With all that methodology out of the way, we can get to the fun stuff. Here's the first big fat list: The ten schools with the highest-earning graduates over the next 20 years. By this measure, Harvey Mudd is America's one million-dollar college.
Harvey Mudd's record here is impressive. But its net cost is more than twice as much as Harvard's due to their disparity in grant aid. So it's also useful to look at annualized ROI—the "bang-for-your-buck" measure.
By that dollar-for-dollar measure, the best college investment isn't Harvey Mudd, Cal Tech, MIT, or any of those schools you might expect. It's the University of Virginia (if you're an in-state student) and Georgia Tech. Harvard and Stanford also crack the top 10. (Alert: I've shortened the Y-axis here to highlight just how far ahead UVA and Georgia Tech are.)
Everybody graduates from college with a major. So I wanted to know not just which college grads get richest but which college majors are the tickets to richness? PayScale tracks that, too. And no degree in America is more valuable than a computer-science major at Stanford, Columbia, or Berkeley. Notably, the most valuable non-computer-science major in the country is also at Stanford: economics.

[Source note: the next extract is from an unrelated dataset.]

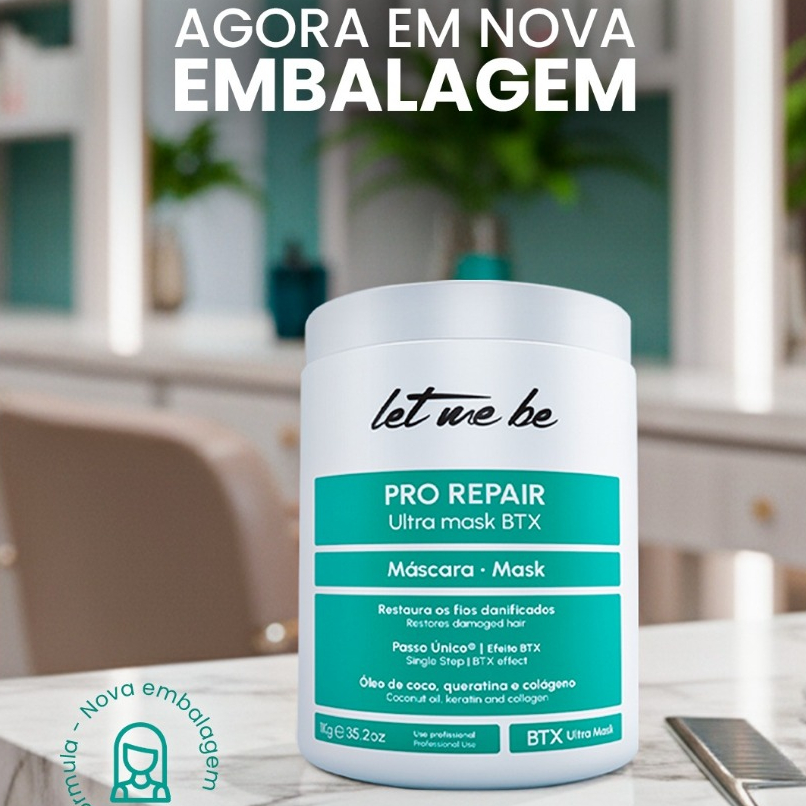 Let Me Be - Btx Sem Formol Pro Repair 1kg Passo único - Reparação de fios danificados em Oferta na Shopee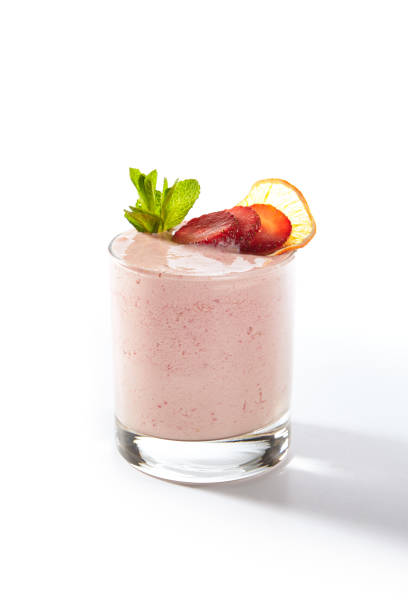 istock Fresh Homemade Strawberry Yogurt Smoothie Isolated on White 1170715871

But once again, for dollar-for-dollar investment, nothing beats going to the University of Virginia as an in-state student. PayScale found that a degree in business, or computer science, or engineering, or economics at UVA has a higher dollar-for-dollar return than any major at any other school in the country. Yes, better than majoring in finance at Harvard, or computer science at Stanford, or business at Berkeley, or anything at Harvey Mudd.
It's important to be clear about what this study is telling us and what it's not telling us. The fact that the most valuable colleges here seem so predictable is an interesting data point, because the predictably best colleges tend to get the best students. So what you're seeing here isn't just the quality of the school's education but also the quality of the students it attracts.